Bu yüzden, erdem unsurunu yavaş yavaş çıkardı eyleminden. Çağımızda bunun
felsefesini de kurdu. W. James, hakikati pratik etkide aradı. Etkiye, eyleme
indirgedi hakikati. Bu böyle olunca, eseri, işi, eylemin, pratiğin değerlendirmesine,
hatta yargılamasına bırakmak demek olan reklam ve propagandanın önemine,
hikmet-i vücuduna felsefi bir pencere açmış oldu."
"Eskinin "mümin" kavramının yerine
"devrimci"yi koyma yenikliği içinde ezgin bir çağ bu. İnanç
yitirmenin sürüngenliği.

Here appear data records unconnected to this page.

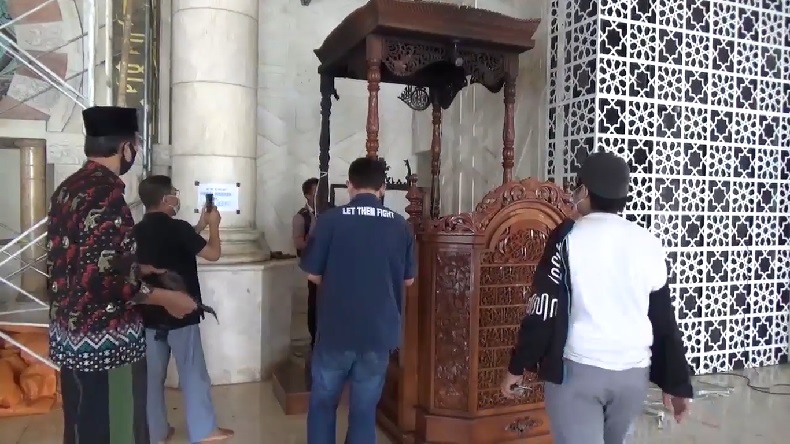 Bukan Cuma Mimbar, Pelaku Juga Bakar Alquran di Masjid Raya Makassar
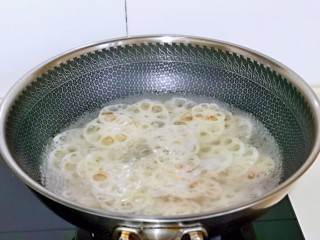 8、醋溜藕片,将藕片焯水，锅中加入水烧开，下藕片，加入少许盐，煮熟捞出。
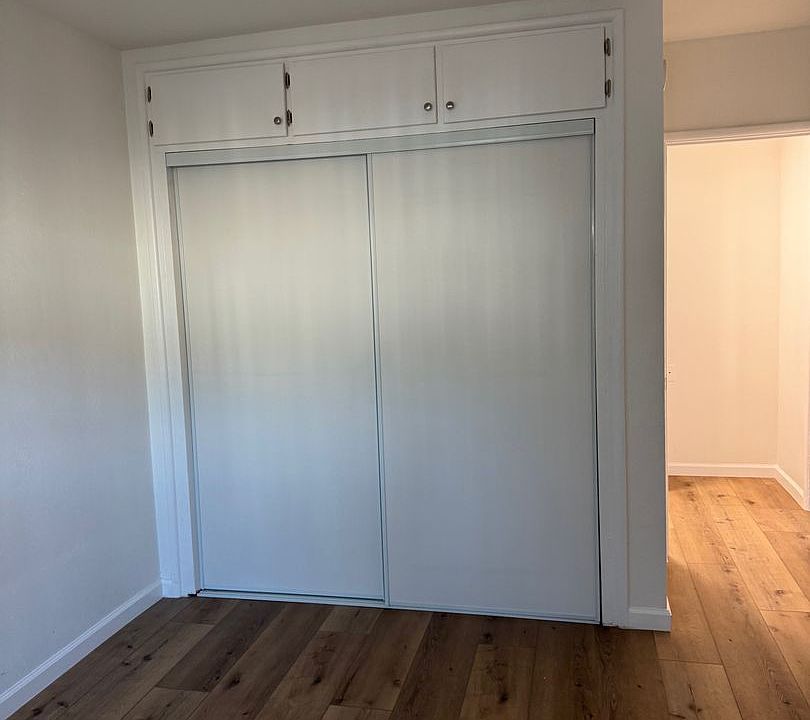 1st image of 13759 Oxnard St #103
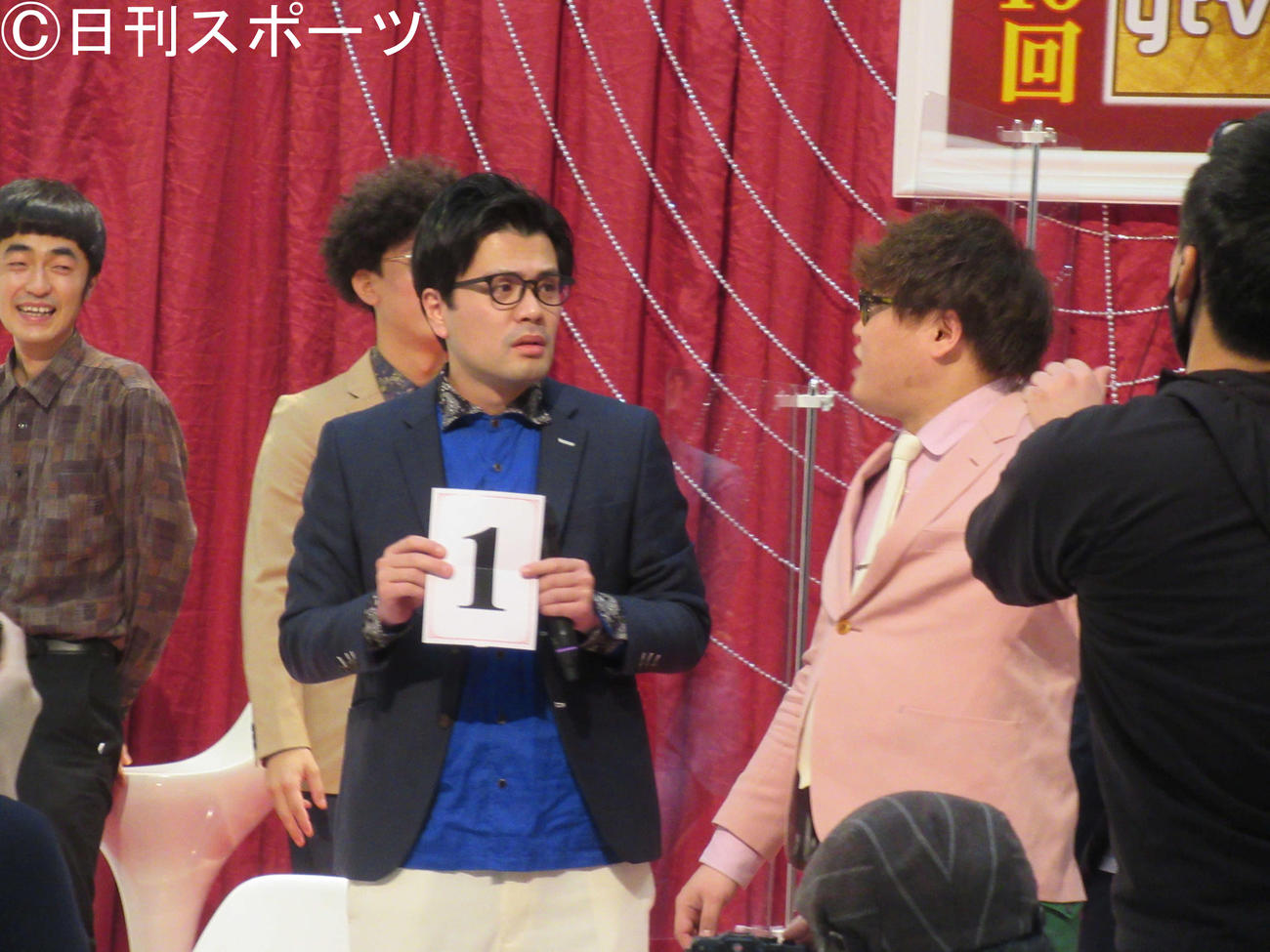 「第10回ytv漫才新人賞決定戦」取材会で、1番を引いたマユリカ阪本（撮影・星名希実）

Yenilenmeyi bilmeyen, tazeliğin sırrın yitiren ruhun
eline tutsak düştüğü ürperiş. Ruhta kaybedileni kitlede, kalabalıklarda arayış.
Kalabalığı bir toplum, kitleyi tarih içindeki yerini almış bir topluluk olarak
değil, adeta şuurdan ve şuuraltından soyunmuş, sıyrılmış, sadece bir içgüdü
sürüsü haline gelmiş bir topluluk olarak alan bir arayış."
"İnsanlığın ihtiyacına cevap verebilecek bir
metafizikten yoksun oluşunu kendisine itiraf bile ettirmek istemeyen bir ruh
yoksunluğudur. Batıyı bunaltan, bunalımdan bunalıma sürükleyen bu ışıksızlıktır,
bu cevapsızlıktır. İslama teslim
olmamanın, üstelik onunla gizli, açık yüzyılarca savaşmanın kader, zaman tarih
tarafından alınan öcüdür bu."
"Maddeci akıl; dengede durması gereken
fizik-metafizik ilişkisini bozmuş, usul esası, pratik teoriyi, araç amacı, yapılan
yapanı boyunduruğu altına almaya başlamış, tekniğin, insan ilişkileri ve
bilimleriyle orantısız bir güç düzeyine erişi, insanın dünya ve zaman
içerisindeki konumunu yeniden absürditenin pürtük yüzüyle karşılaştırmış, onu,
varoluşunu yeni ve güvenli bir anlama kavuşturma "tasa"sıyla sarsmıştır."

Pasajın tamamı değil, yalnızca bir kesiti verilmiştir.